What does “sufficiency of protection” mean?
Conceptually the idea of sufficiency of protection arose from the definition of protection proposed by James Hathaway in his seminal The Law of Refugee Status (1991): “the sustained or systemic violation of basic human rights demonstrative of a failure of state protection”.
“Sufficiency of protection” was the inelegant phrase on which the UK Immigration Appeal Tribunal somehow settled in the 1990s to describe the idea that if there was sufficient protection in the country of origin, then a person claiming asylum could not be a refugee because he or she was not really at risk of being persecuted. Self evidently, this begs the question of how “sufficient” this protection must be, what might constitute sufficient protection, what does that look like in practice and what happens where the individual has previously experienced very bad or sustained ill treatment that would normally amount to being persecuted but there is some sort of protection in place for citizens in the country concerned.
Want to really get to grips with refugee law? Concise and readable, Colin’s textbook walks you through everything from well-founded fear to refoulement.

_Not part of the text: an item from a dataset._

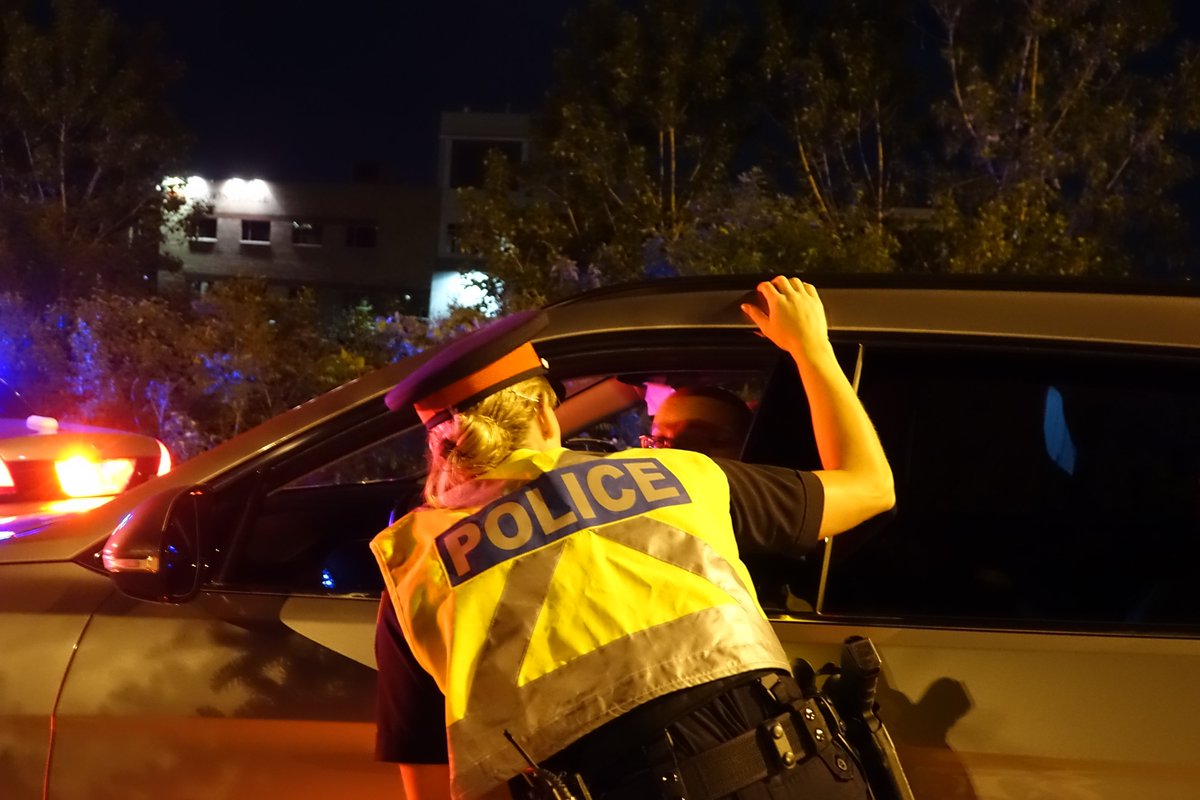 Last night, officers conducted traffic enforcement in the Strandherd, Fallowfield and Trainyards areas in response to speeding/stunt driving complaints. Officers issued over 60 tickets, including 3 for stunt driving (Vehicle Impoundment) and 17 for speeding.

Other tickets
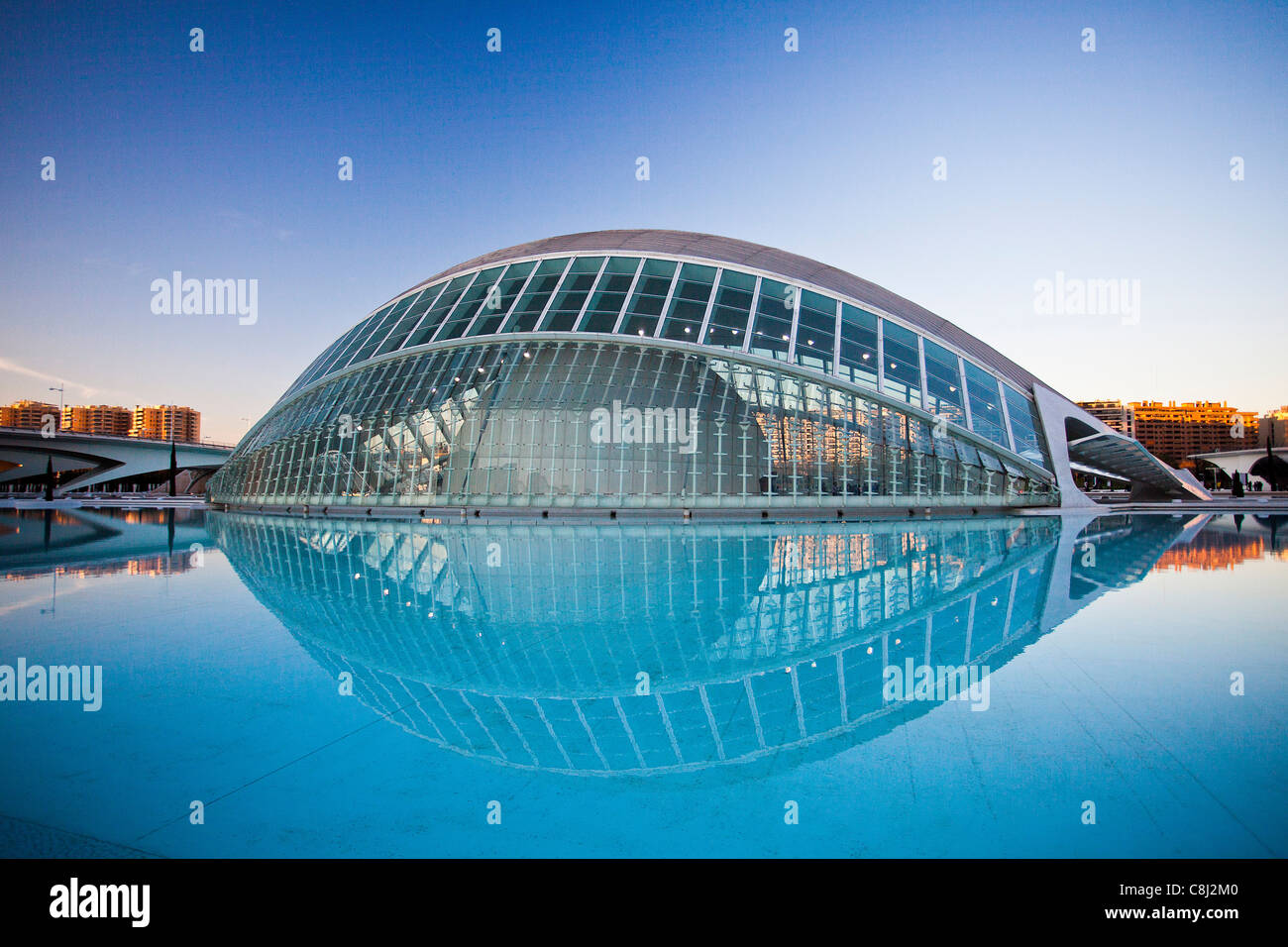 Spanien, Europa, Valencia, Stadt der Künste und Wissenschaften, Calatrava, Architektur, Modern, Hemisferic, Wasser Stockfoto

There are other more accessible potential words and phrases to describe this idea. Some commentators and judges have used the words “effective” protection or “sufficient” protection. The rather cryptic, opaque word “sufficiency” has become common usage for UK lawyers and judges as a form of trade shorthand, presumably to incorporate all of the case law and inconsistencies on this subject.
Surrogate protection
The principle of sufficiency of protection grew out of the concept of surrogate protection. The idea of surrogate protection was first propounded by Hathaway in The Law of Refugee Status in 1991, although Hathaway himself rejects the approach adopted by the House of Lords in Horvath. Essentially, Hathaway argues that the Refugee Convention exists to provide on an international level the protection of which an individual is unable to avail himself at a domestic level in his country of origin. This analysis has come to replace the previously prevailing notion that the Refugee Convention existed simply to provide protection from State persecution. As Lord Hope puts it in Horvath:
It seems to me that the Convention purpose which is of paramount importance for a solution of the problems raised by the present case is that which is to be found in the principle of surrogacy. The general purpose of the Convention is to enable the person who no longer has the benefit of protection against persecution for a Convention reason in his own country to turn for protection to the international community.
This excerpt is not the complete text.